本申请公开了一种视频处理方法、系统、移动终端、服务器及存储介质,该视频处理方法应用于客户端,该方法包括:接收服务器发送的第一编码图像帧;判断是否接收到图像丰富指令;若接收到图像丰富指令,则将随机噪声加入第一编码图像帧中,生成第二编码图像帧;其中,第一编码图像帧为浮点型数据,第一编码图像帧与第二编码图像帧之间的差值在预设范围以内。通过上述方式,本申请能够将浮点型数据解码为图像,实现图像的安全传输,并能够对解码出来的图像进行丰富。

Description

一种视频处理方法、系统、移动终端、服务器及存储介质 【技术领域】
本申请涉及图像处理领域,具体涉及一种视频处理方法、系统、移动终端、服务器及存储介质。
【背景技术】
数字图像压缩编码是一种非常重要的技术,对数字图像的传输和存储有着非常重要的意义。传统的图像编码算法是基于像素值的编码,无论是变换编码、预测编码还是其它编码算法均是在像素值的基础上进行压缩,虽然压缩程度逐渐升高,压缩效果越来越好,但基于像素值的编码很难把图像或视频的体积压缩到极小;而且对于传统图像编码算法来说,安全问题也不容忽视,传统图像编码算法需要开发各种保密机制,以保证图像编码后传输的安全性。
【发明内容】
本申请主要解决的问题是提供一种视频处理方法、系统、移动终端、服务器及存储介质,能够将浮点型数据解码为图像,实现图像的安全传输,并能够对解码出来的图像进行丰富。

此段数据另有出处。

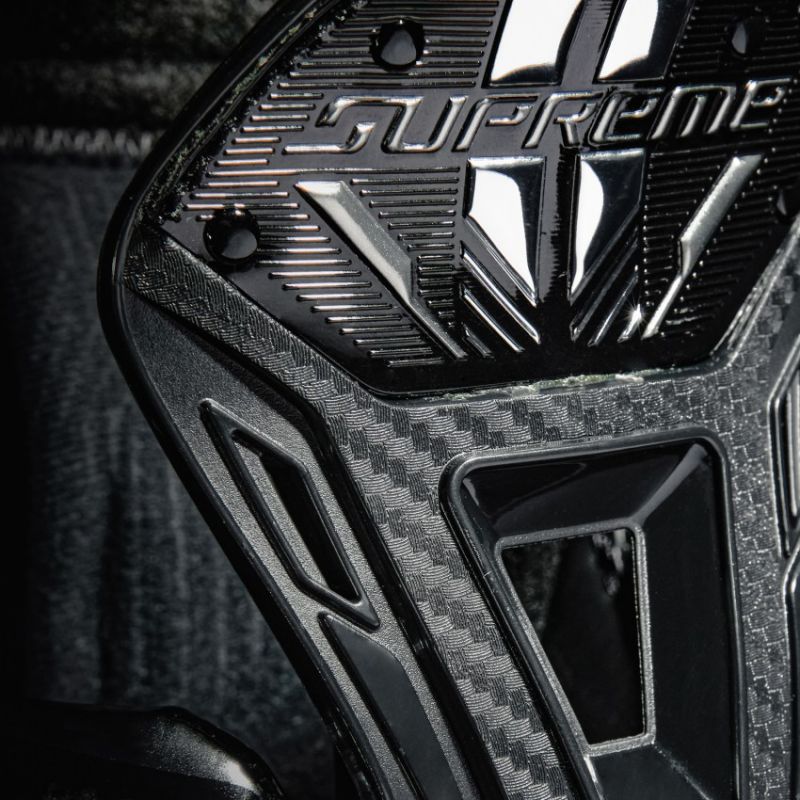 Bauer Supreme Mach Sr 1060200 Hockey Skates Accessories/Skating/Bauer Bauer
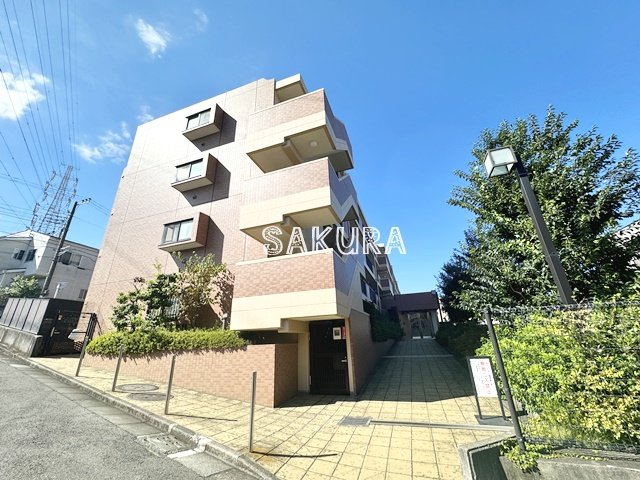 建物外観　当店おすすめ物件♪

为解决上述技术问题,本申请采用的技术方案是提供一种视频处理方法,该视频处理方法应用于客户端,该方法包括:接收服务器发送的第一编码图像帧;判断是否接收到图像丰富指令;若接收到图像丰富指令,则将随机噪声加入第一编码图像帧中,生成第二编码图像帧;其中,第一编码图像帧为浮点型数据,第一编码图像帧与第二编码图像帧之间的差值在预设范围以内。
为解决上述技术问题,本申请采用的另一技术方案是提供一种视频处理方法,该视频处理方法应用于服务器,该方法包括:接收输入图像;利用基于神经网络的编码网络对输入图像进行处理,得到第一编码图像帧;其中,第一编码图像帧为浮点型数据,基于神经网络的编码网络至少包括输入层,且每个输入层包括至少两个子输入层,子输入层用于接 收输入图像中至少一个通道的数据。
为解决上述技术问题,本申请采用的另一技术方案是提供一种移动终端,该移动终端包括互相连接的存储器和处理器,其中,存储器用于存储计算机程序,计算机程序在被处理器执行时,用于实现上述的视频处理方法。
为解决上述技术问题,本申请采用的另一技术方案是提供一种服务器,该服务器包括互相连接的存储器和处理器,其中,存储器用于存储计算机程序,计算机程序在被处理器执行时,用于实现上述的视频处理方法。
为解决上述技术问题,本申请采用的另一技术方案是提供一种服务器,该视频处理系统包括互相连接的服务器和移动终端,其中,服务器用于对输入图像进行编码处理,得到编码图像帧,移动终端用于对编码图像帧进行解码,得到解码图像帧,其中,移动终端为上述的移动终端,服务器为上述的服务器。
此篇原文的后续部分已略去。